General powers of an Adjudicator in making an order:

Section 276(1) of the Act provides that an adjudicator may make an order that is just and equitable in the circumstances (including a declaratory order) to resolve a dispute, in the context of a community titles scheme, about –

a)a claimed or anticipated contravention of the Act or the community management statement; or
b)the exercise of rights or powers, or the performance of duties, under this Act or the community management statement; or
c)a claimed or anticipated contractual matter about –
(i)the engagement of a person as a body corporate manager or service contractor for a community titles scheme; or
(ii)the authorisation of a person as a letting agent for a community titles scheme.

An order may require a person to act, or prohibit a person from acting, in a way stated in the order (section 276(2) of the Act).
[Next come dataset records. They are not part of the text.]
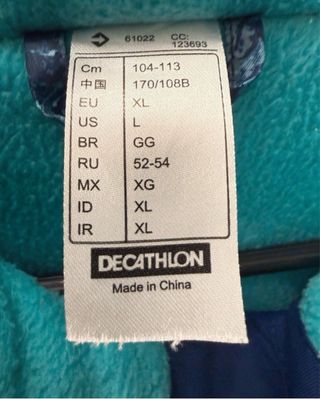 Cazadora Quechua azul y turquesa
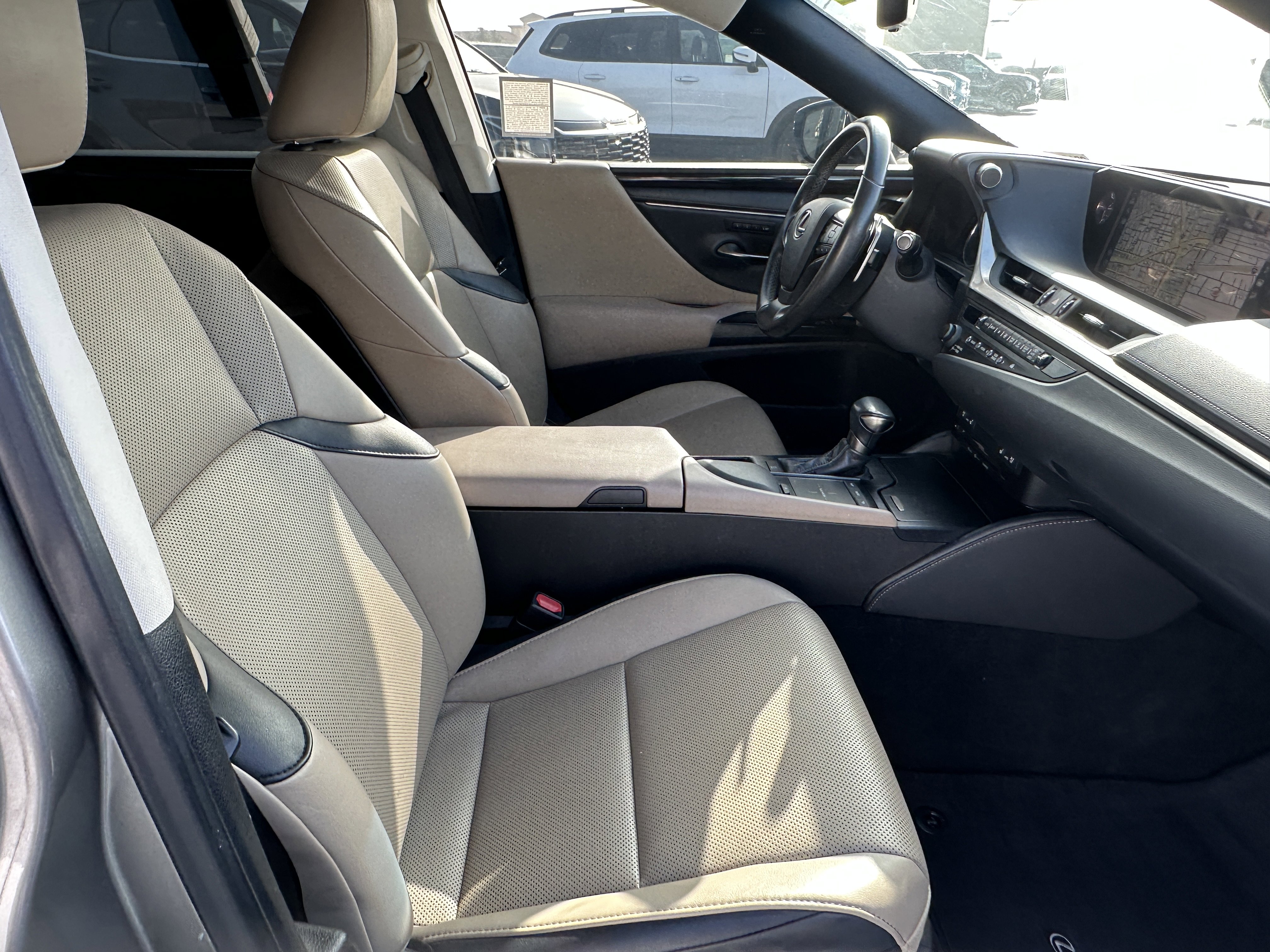 Used 2020 Lexus ES 350 w/ Premium Package image 14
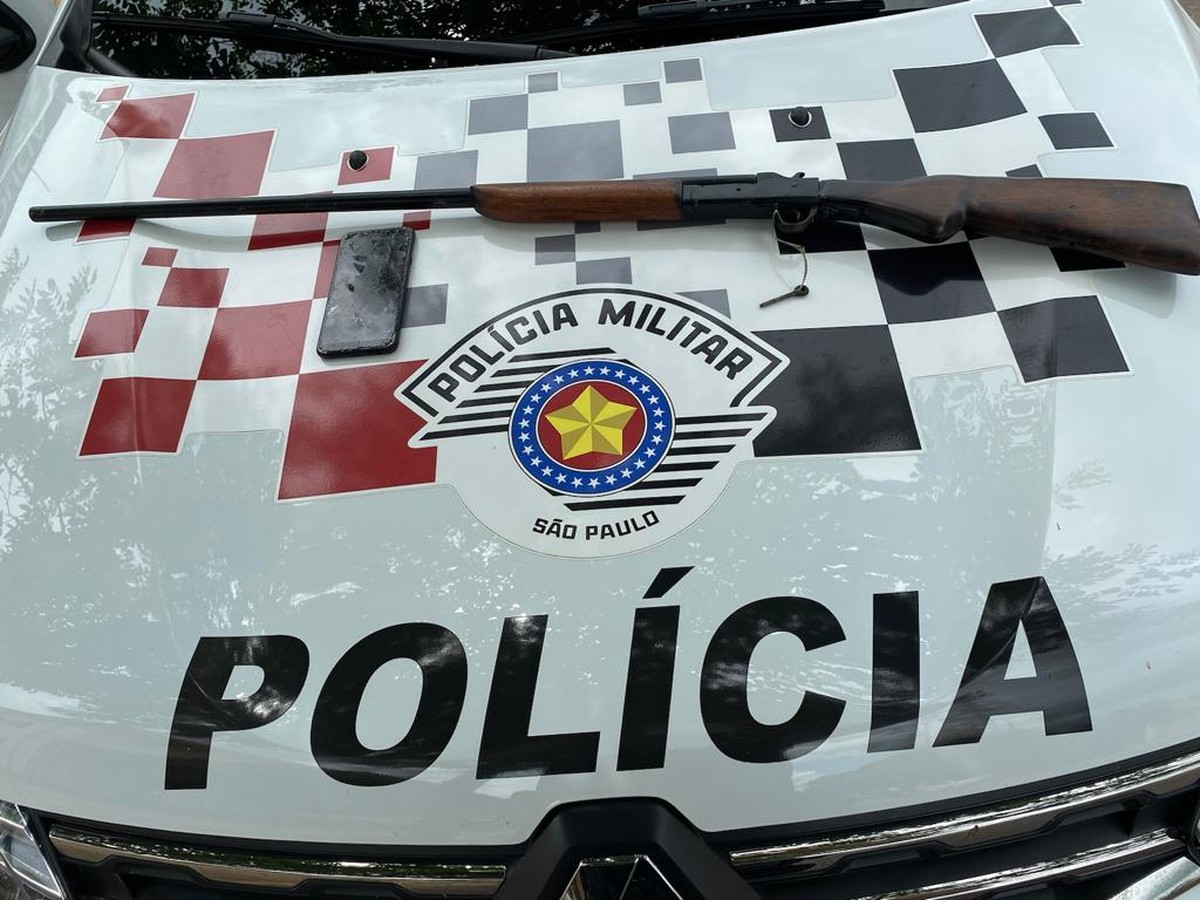 Após bater em veículo, homem é preso por embriaguez ao volante e porte ilegal de arma em Osvaldo Cruz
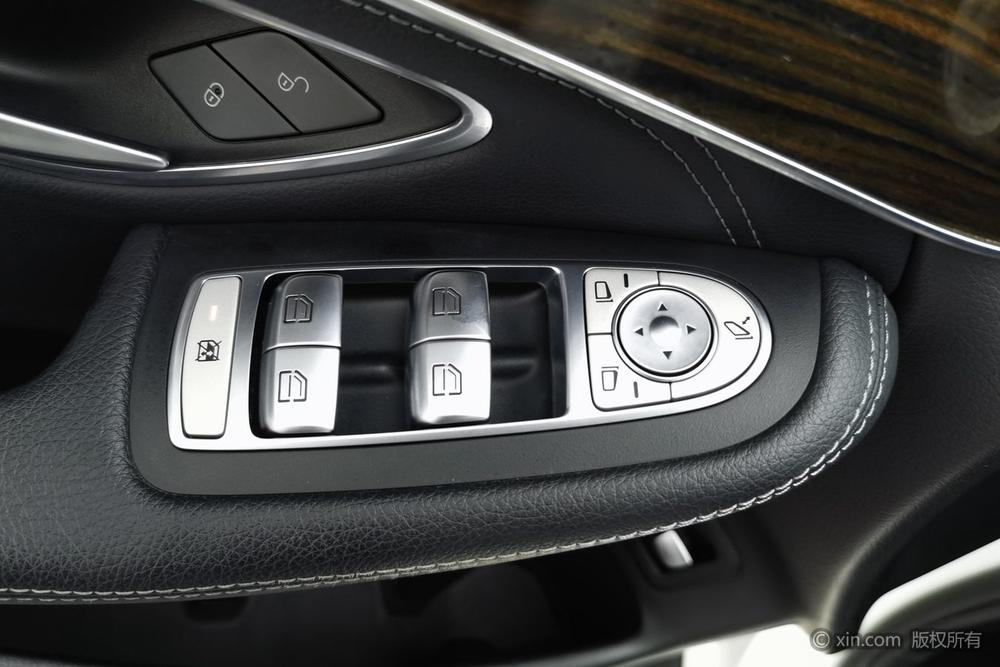 Mercedes-Benz GLC 2017 GLC 260 4MATIC Dynamic – фото 23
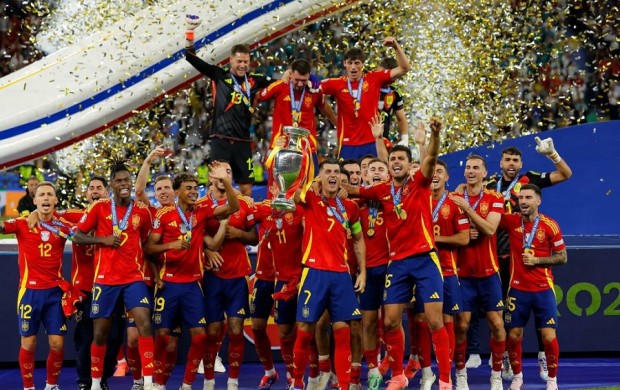Tây Ban Nha Lên Ngôi Euro 2024: Thắng Kịch Tính Anh Nhờ Bàn Thắng Phút 86
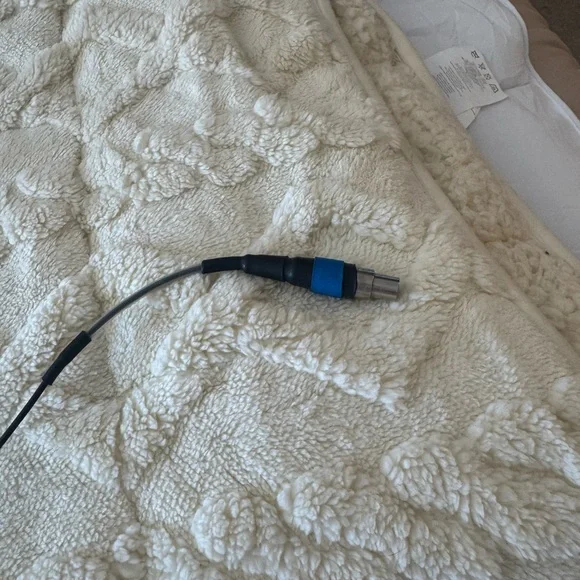 AV NOW Fitness Headset Microphone - Yellow-Color - Picture 5 of 7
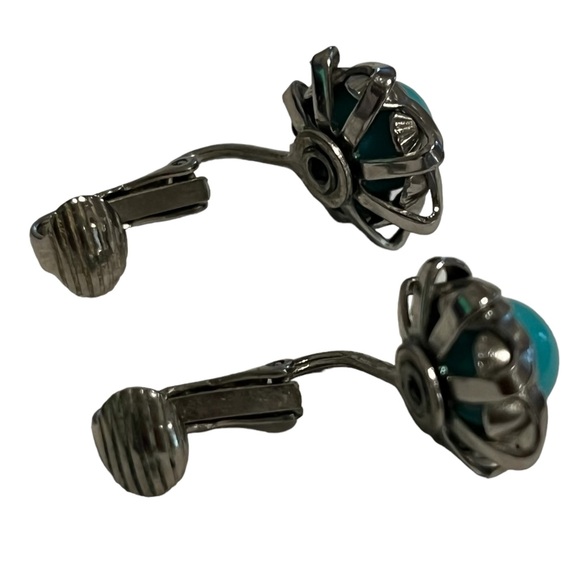 Vintage Silver Tone Clip On Earrings with Turquoise Cabochon - Picture 4 of 8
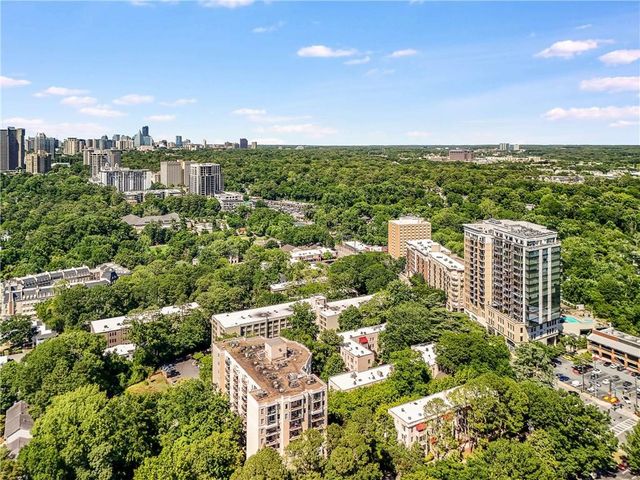 2233 Peachtree Road NE 402, Atlanta, GA 30309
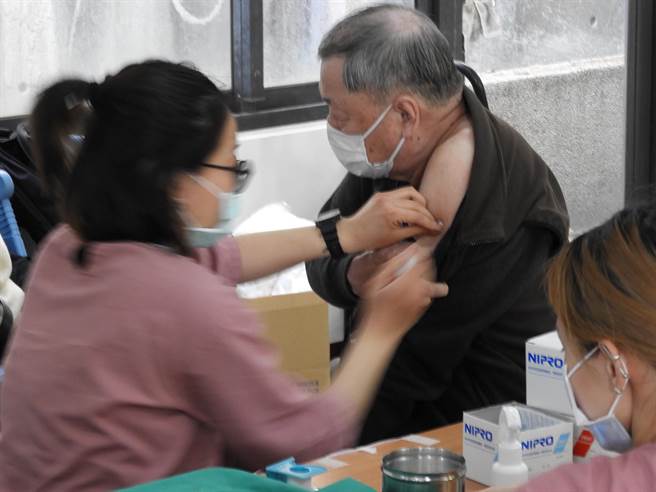 市府指出，文心森林公园站，1／10起至1／16止每日开站，星期一至五上午9至12时，星期六日下午1至4时；周一至周三提供BNT疫苗、周四至周日提供莫德纳疫苗。（陈世宗摄）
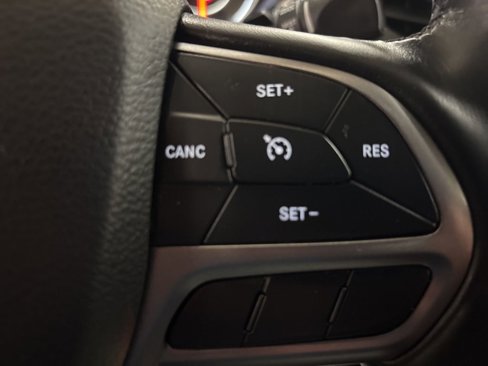Used 2020 Jeep Cherokee Latitude Plus w/ Cold Weather Group image 19
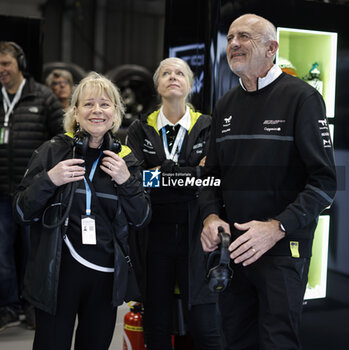 2024-07-13 - JACKSON Linda (gbr), Peugeot Chief Executive Officer, portrait FINOT Jean-Marc (fra), Director of Stellantis Motorsport, portrait during the 2024 Rolex 6 Hours of Sao Paulo, 5th round of the 2024 FIA World Endurance Championship, from July 12 to 14, 2024 on the Autódromo José Carlos Pace in Interlagos, Brazil - FIA WEC - 6 HOURS OF SAO PAULO 2024 - ENDURANCE - MOTORS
An adjudicator’s order may contain ancillary or consequential provisions the adjudicator considers necessary or appropriate (section 284(1) of the Act).


APPLICATION AND SUBMISSIONS:
Under section 243 of the Act, a copy of the application was provided to the respondent body corporate (committee) and to all other owners, with an invitation to each to respond to the matter of dispute raised in the application. The respondent committee made no submission, though the secretary Janette Laver made a submission as a co-owner of Lot 3 in favour of the application by Goetz. Both Laver and Goetz voted in favour of the $500 contribution motion at the annual general meeting, but were outvoted by Naismith of Lot 1, Bourke of Lot 4 and Nelson of Lot 6. The owner of Lot 2, Coral Foster, was unable to attend the AGM or give her proxy, but has made a submission saying that she would have voted in favour of the increased contribution.

The applicant did not view the submissions in order to lodge a written reply if felt necessary (see sections 244 and 246 of the Act).

The brief facts of the matters are as follows.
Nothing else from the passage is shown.